The Supreme Court recently held oral arguments on two important eminent domain cases involving the taking of private property for public use: Kelo v. New London and Lingle v. Chevron, for which oral arguments were held on February 22.

Summaries of the two cases are found at Scotus Blog (Lingle) and Cornell Law School (Kelo).

As noted at FindLaw, the Kelo case involves the question:

“What protection does the Fifth Amendment’s public use requirement provide for individuals whose property is being condemned, not to eliminate slums or blight, but for the sole purpose of “economic development” that will perhaps increase tax revenues and improve the local economy? “

and the Lingle case involves the questions:

1. Whether the Just Compensation Clause authorizes a court to invalidate state economic legislation on its face and enjoin enforcement of the law on the basis that the legislation does not substantially advance a legitimate state interest, without regard to whether the challenged law diminishes the economic value or usefulness of any property.

2. Whether a court, in determining under the Just Compensation Clause whether state economic legislation substantially advances a legitimate state interest, should apply a deferential standard of review equivalent to that traditionally applied to economic legislation under the Due Process and Equal Protection Clauses, or may instead substitute its judgment for that of the legislature by determining de novo, by a preponderance of the evidence at trial, whether the legislation will be effective in achieving its goals. “

KipEsquire at A Stitch in Haste commented on these cases and struck a low blow at the Volokh Conspiracy in connection with this issue, while there was also an irrational “free property” statement at Bainbridge, [“If the Supreme Court sides with New London, we might just as well roll up the Bill of Rights, for we won’t need it any longer.”]. We felt compelled to Google the issue, which landed us at Crooked Timber and its many excellent comments that cover some of the hard issues involved in eminent domain.

SCOTUSblog and Slate report from the oral arguments that the Supreme Court will surely follow the traditional line in deciding these two eminent domain cases.

But of course, that seems quite clear from here.
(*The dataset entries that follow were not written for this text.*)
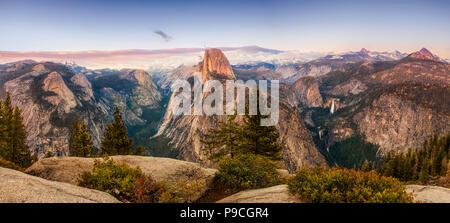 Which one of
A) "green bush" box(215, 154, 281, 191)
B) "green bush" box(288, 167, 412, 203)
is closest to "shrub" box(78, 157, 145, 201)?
"green bush" box(215, 154, 281, 191)

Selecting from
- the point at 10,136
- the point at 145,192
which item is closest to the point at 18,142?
the point at 10,136

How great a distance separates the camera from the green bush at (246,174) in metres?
14.9

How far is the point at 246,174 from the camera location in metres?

While still a student at Stanford Law School, the Law Pundit worked for the California Law Revision Commission on a revision of the California eminent domain statutes.

It was as clear then as it is clear now that private property rights are not absolute rights, not even in capitalist America. When push comes to shove, individual property rights can be circumscribed for the greater good of the community, whether this be for the building of a new road or by relocation of individuals because of community development or improvement, even if this benefits private interests. What government action does not benefit some private interest somewhere? After all, no one challenges the principle of community zoning rights. Individual property rights are simply not absolute. Indeed, the right to hold property is granted by the state and it can even be taken away by the state, under certain circumstances.

Eminent domain is an element of the sovereignty of governments. Government sovereignty is the entire basis for the power of eminent domain as anchored in the Fifth Amendment to the US Constitution.

Although no one denies that there are abuses of the power of eminent domain, an abuse of such a power does not make the exercise of eminent domain unconstitutional just because it involves the taking of private homes for private projects which communities find to be beneficial to the community. Governments have this power.

All the discussion that this kind of a taking is not the kind of “public” taking envisioned by the Constitution are just wagging their chins for nothing. It would be impossible for the highest court in the land to carve out any kind of an exception to the rule of eminent domain which would not result in absolute chaos in federal and state government in the long term. Is it an absolute “private” property right to be able to maintain a shanty in the middle of New York City among a skyline of skyscrapers, costing society perhaps millions of dollars to build around it? The answer is no.

By definition, a “legitimate” taking is a “public” taking and what a “public purpose” is, is decided by the government. This is a crucial element of government sovereignty. At least, that is the way we see it.